**ACTIVITY**
All of the data should be copied exactly, with the pictures left out.

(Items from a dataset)
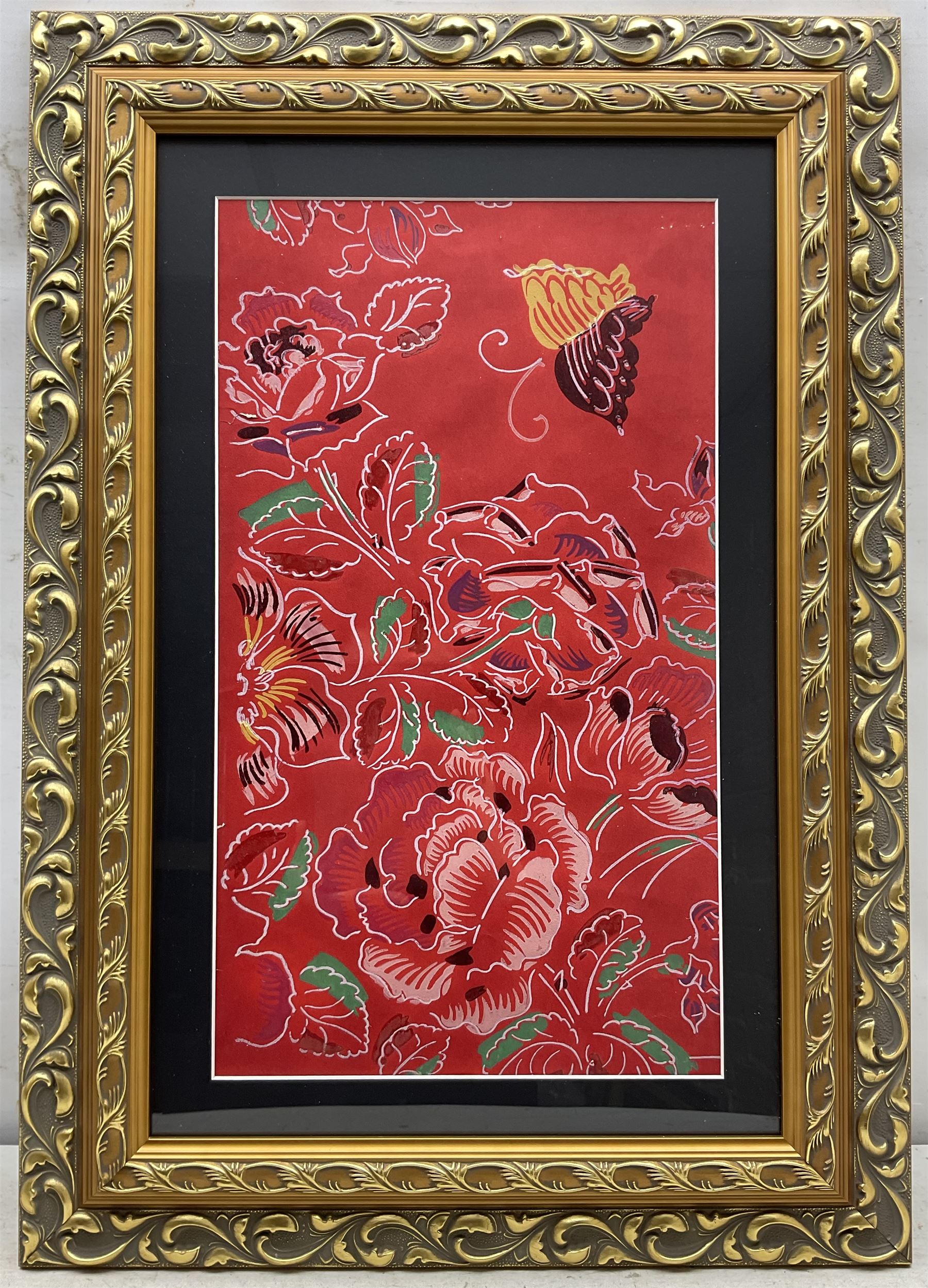 Raoul Dufy (French 1877-1953): Butterfly and Floral design, gouache on paper unsigned 27cm x 48cm
Provenance: with Leighton Fine Art; Bianchini Ferier Archive - Christie's London 16th November 2000.
Notes: The silk weaving house of Bianchini Firier was founded in Lyon in 1888. In 1912 Raoul Dufy signed a contract with them and went on to produce about 4000 designs for Bianchini Firier between 1912 and 1928. After his contract came to an end Bianchini Firier continued to make fabrics for important fashion houses such as Worth, Madeleine Vionnet, Jeanne Lanvin Paquin and Patou. They produced scarves for Hermes, Jacques Fath and others and created imaginative designs for Givenchy, Balenciaga, Chanel, Dior and Yves Saint-Laurent etc.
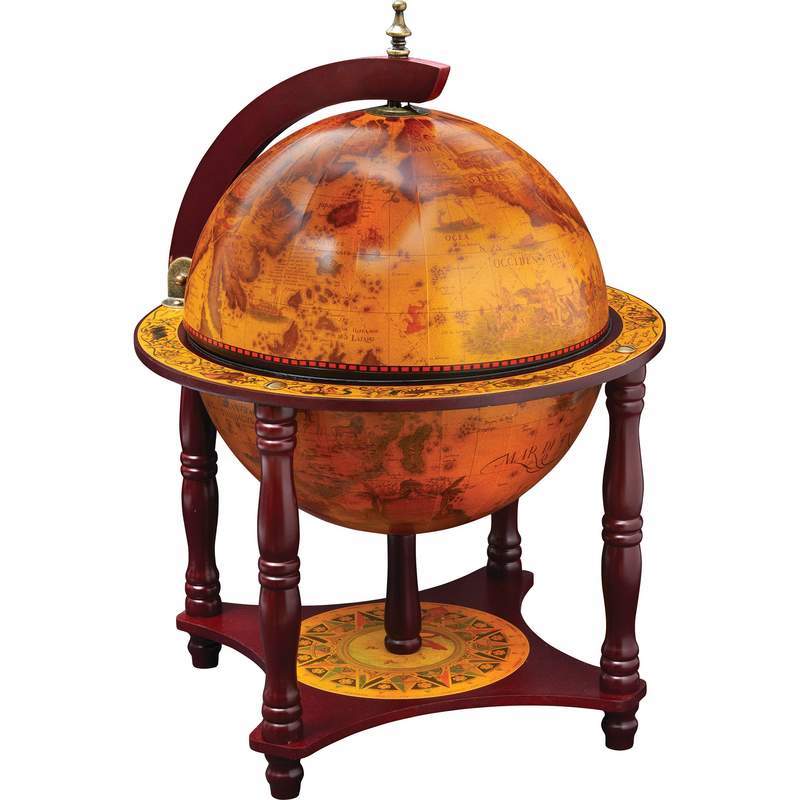 13" Diameter Globe with 57pc Chess and Checkers Set - Minihomy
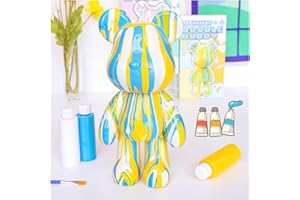 Coniuty DIY Kreative Blanko Malerei Flüssige Bär Figur Kit, Multicolor Mix Paint Design für Heimdekoration (gelb, flüssiger Bär)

**RESULT OF THE TASK**
 Raoul Dufy (French 1877-1953): Butterfly and Floral design, gouache on paper unsigned 27cm x 48cm
Provenance: with Leighton Fine Art; Bianchini Ferier Archive - Christie's London 16th November 2000.
Notes: The silk weaving house of Bianchini Firier was founded in Lyon in 1888. In 1912 Raoul Dufy signed a contract with them and went on to produce about 4000 designs for Bianchini Firier between 1912 and 1928. After his contract came to an end Bianchini Firier continued to make fabrics for important fashion houses such as Worth, Madeleine Vionnet, Jeanne Lanvin Paquin and Patou. They produced scarves for Hermes, Jacques Fath and others and created imaginative designs for Givenchy, Balenciaga, Chanel, Dior and Yves Saint-Laurent etc.
 13" Diameter Globe with 57pc Chess and Checkers Set - Minihomy
 Coniuty DIY Kreative Blanko Malerei Flüssige Bär Figur Kit, Multicolor Mix Paint Design für Heimdekoration (gelb, flüssiger Bär)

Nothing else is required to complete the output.